Our group is generally interested in contribuing to the development of transformative solutions for biological and biomedical problems by introducing computational, analytical, biomedical, conceptual or technological innovations. Our main focus is on application of Artificial Intelligence to Biomedical Science.
We often rely on integrative frameworks that deploy multiple bio-technologies of different types and scales such as protein-interaction networks, next generation sequencing technology, microarray measurements, genomic and epigenetic analysis, structural and functional genomics, metabolic and regulatory models, prior knowledge, clinical data (EMRs) and sophisticated graph theoretical and probabilistic algorithms aimed to produce meaningful and predictive hypotheses, network models, biomarkers or discoveries that we attempt to validate in the laboratory working with amazing experimental scientists.
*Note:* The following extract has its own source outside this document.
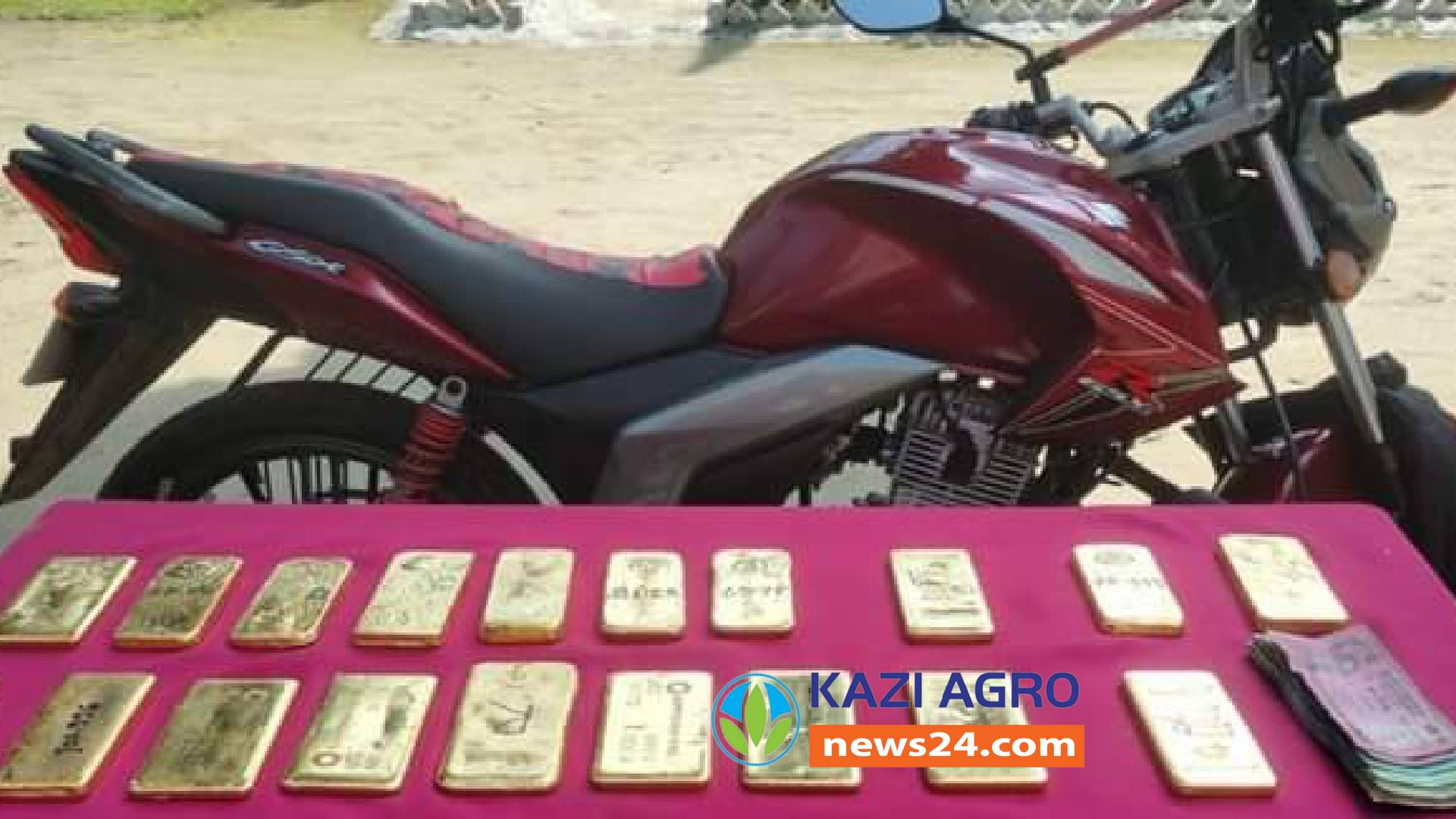 ১৯কেজি স্বর্ণসহ বিজিব'র অভিযানে  চোরাকারবারি গ্রেফতার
Some examples of recent projects include work in Computational and Systems Biology, Bioengineering, Network Signatures of Disease, Functional and Comparative Genomics, Biotechnology, Health-care, Gene Function Prediction.
Computationally we are interested in High Performance Algorithms, Theory, Data mining, Machine Learning and AI.
Most recently we became interested in what we call the Network Biology Axis of Wellness and Disease Prevention and made contributions to a number of basic and translational research questions in diabetes, infectious diseases, health-span, aging, Alzheimer’s, Depression and Cancer.